Who’s fooling whom in anti-Left task force?

AT GROUND LEVEL - Satur C. Ocampo - The Philippine Star

It was an interesting scene that unfolded at the initial hearing on red-tagging at the Senate last Tuesday, Nov. 3.

The National Task Force to End Local Communist Armed Conflict (NTF-ELCAC) was given a full day to be heard by the chamber’s committee on national defense and security, peace, unification and reconciliation, headed by Sen. Panfilo Lacson. In a resolution quickly approved by the Senate president, Lacson sought a clear mandate for his committee to exercise its oversight authority over the defense sector on the matter of red-tagging. From the outcome of the hearings, he aims to draft proper guidelines for the security forces to “prevent misunderstanding between the public and the military and ensuring the protection of the constitutional rights of the people…”
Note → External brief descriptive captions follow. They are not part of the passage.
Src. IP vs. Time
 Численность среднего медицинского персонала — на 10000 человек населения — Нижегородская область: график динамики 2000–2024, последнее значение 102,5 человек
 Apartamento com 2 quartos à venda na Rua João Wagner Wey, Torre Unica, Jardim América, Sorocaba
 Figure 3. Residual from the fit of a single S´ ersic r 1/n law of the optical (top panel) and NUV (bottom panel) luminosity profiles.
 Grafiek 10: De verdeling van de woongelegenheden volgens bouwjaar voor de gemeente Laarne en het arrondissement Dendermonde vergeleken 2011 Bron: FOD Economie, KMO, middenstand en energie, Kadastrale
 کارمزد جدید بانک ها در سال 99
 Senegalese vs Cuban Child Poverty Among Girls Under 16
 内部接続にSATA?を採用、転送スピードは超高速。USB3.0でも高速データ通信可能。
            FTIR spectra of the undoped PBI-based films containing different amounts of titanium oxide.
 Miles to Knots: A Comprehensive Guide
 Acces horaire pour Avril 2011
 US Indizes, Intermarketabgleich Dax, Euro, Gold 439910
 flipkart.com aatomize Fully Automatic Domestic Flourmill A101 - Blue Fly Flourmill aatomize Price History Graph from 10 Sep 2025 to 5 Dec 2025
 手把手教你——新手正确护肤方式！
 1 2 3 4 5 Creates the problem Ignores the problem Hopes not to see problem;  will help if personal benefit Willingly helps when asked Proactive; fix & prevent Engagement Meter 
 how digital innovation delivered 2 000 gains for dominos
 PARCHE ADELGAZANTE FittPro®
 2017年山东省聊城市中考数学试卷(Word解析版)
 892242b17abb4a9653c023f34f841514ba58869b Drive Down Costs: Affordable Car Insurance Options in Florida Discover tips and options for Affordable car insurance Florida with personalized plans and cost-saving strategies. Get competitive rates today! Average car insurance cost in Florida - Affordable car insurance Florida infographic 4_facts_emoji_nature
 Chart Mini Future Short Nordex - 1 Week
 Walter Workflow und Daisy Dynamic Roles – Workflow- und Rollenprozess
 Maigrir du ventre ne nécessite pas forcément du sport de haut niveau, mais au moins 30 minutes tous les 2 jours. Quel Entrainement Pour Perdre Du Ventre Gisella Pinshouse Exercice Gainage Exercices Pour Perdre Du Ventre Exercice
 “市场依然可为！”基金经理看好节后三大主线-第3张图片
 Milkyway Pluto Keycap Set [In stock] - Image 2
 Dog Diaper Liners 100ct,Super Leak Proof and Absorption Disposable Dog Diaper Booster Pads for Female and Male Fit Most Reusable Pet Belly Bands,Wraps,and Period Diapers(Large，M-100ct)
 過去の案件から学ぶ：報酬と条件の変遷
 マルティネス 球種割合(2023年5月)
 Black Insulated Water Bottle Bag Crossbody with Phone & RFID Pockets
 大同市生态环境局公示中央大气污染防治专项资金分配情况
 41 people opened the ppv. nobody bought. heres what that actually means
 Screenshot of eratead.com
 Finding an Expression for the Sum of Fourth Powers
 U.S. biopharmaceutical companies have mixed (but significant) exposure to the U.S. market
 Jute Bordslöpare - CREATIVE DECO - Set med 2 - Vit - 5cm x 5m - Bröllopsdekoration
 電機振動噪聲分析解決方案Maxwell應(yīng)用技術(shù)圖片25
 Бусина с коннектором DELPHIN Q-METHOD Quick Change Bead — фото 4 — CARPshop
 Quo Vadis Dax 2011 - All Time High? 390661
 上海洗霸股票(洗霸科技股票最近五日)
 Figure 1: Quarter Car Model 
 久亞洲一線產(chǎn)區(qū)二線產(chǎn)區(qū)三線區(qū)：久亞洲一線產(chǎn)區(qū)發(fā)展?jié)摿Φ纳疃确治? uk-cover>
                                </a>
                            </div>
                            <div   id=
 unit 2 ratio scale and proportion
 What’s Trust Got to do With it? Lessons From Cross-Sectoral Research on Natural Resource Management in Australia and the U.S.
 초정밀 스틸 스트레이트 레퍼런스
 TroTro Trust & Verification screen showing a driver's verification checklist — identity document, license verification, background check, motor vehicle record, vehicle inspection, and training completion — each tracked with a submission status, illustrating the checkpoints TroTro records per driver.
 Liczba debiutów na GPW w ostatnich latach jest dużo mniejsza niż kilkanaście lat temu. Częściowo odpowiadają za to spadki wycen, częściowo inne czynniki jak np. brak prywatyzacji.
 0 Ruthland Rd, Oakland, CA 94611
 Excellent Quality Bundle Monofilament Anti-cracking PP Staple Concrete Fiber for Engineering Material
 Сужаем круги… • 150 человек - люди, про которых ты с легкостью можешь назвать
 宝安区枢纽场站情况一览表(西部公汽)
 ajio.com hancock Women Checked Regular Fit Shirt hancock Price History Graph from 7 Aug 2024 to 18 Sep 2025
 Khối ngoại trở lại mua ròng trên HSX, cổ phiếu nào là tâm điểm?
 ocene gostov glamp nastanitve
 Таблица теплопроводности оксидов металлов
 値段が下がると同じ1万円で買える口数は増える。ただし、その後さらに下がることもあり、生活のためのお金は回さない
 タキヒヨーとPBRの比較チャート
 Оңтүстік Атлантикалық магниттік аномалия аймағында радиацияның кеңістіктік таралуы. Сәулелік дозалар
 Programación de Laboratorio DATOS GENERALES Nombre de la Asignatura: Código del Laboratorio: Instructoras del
The targets of red-tagging invited by the committee, the Makabayan bloc of progressive party-lists in the House of Representatives and Bayan Muna chairman Neri Javier Colmenares, a former congressman, wrote to Lacson explaining why they didn’t appear at the hearing. Probably with the disconcerting encounters with the red-taggers at the back of his mind, Colmenares requested for another hearing he could attend sans the NTF-ELCAC officials’ presence. Lacson later said he would call another hearing.

Setting the premises of the hearing, Lacson said:

“When no distinction has been made between an activist and a terrorist, an idealist and an extremist, a reformist and a subversive, we risk putting everyone under a cloud of suspicion and our society in a constant state of insecurity.”  To say the least, he added, “the alleged red-tagging is a crisis in itself. It stirs public outcry and imperils our conscientious efforts to uphold and protect human rights in the country while strengthening our law enforcement measures.”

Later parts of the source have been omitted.